Lynn walked away with a single-game ERA of 3.00, but FIP called it 4.63 and xFIP 6.71. Those numbers better indications of the quality of his pitches. He will remain on the play-against watch list over the next cycle. Now for some play-on guys …


In the Sights -- The Cole Hamels full-season statistics are stale

I don’t need to write much about Houston's Charlie Morton, who was a feature topic here a couple of weeks ago, noting how his pitching makeup has changed so drastically this season. Since the All-Star break it has been 36 strikeouts vs. 21 hits allowed, and he dealt at a rather nifty 13.1 PPI in his last outing vs. Toronto.

Morton opposes Texas' Hamels on Friday night in Arlington, and I also like the form of Hamels right now -- yet the early markets have driven the Astros/Rangers Total from 9.5 to 10, with as high as Over -120 off of the new plateau, and that has created a 5.5 for the opening five innings. That will lead me to #972 Texas/Houston First Half Under (8:05 Eastern).

I believe the Hamels full-season numbers are stale, which is why there isn’t a market buy-in right now, his 4.39 FIP and 4.64 xFIP both career worsts by a significant margin (he has never had a season over 4.00 in either category). But the veteran lefty was not at full health earlier in the campaign, though he certainly is now.

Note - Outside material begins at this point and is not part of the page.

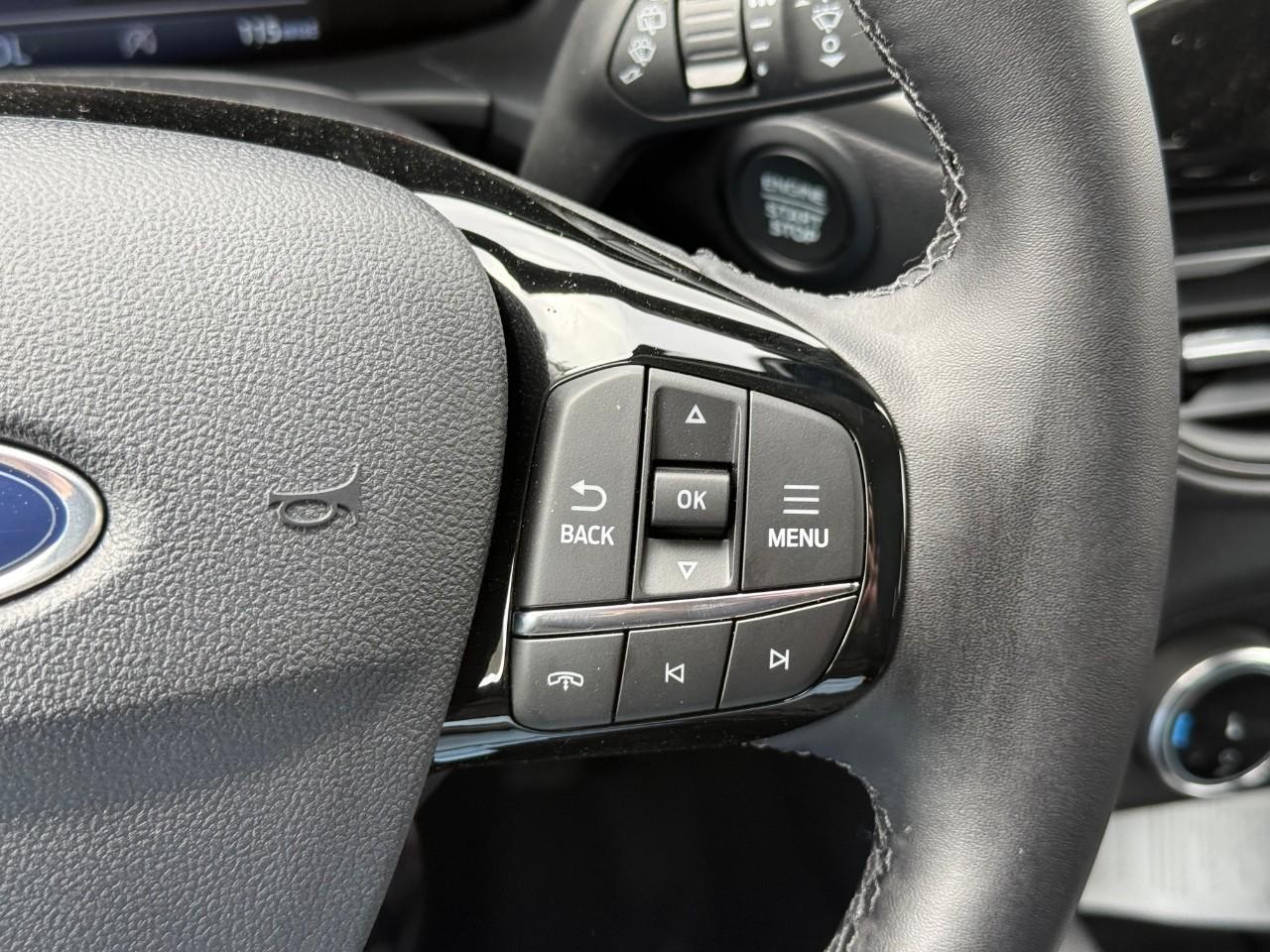 Ford Escape Vehicle Full-screen Gallery Image 16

A big part of the Hamels arsenal is control, so let’s break it down. Through his first six starts it was an ugly ratio of as many walks (16) as  strikeouts, far out of character for him. But since July 1 it has been a 37-8 K to BB ratio, and three of his last six games have produced at PPI of 12.9 or less. That is vintage Hamels, and what also matters is that because he missed so much time earlier in the campaign he is only sitting on 85.1 innings right now, which means a much fresher arm than would usually be the case as mid-August approaches.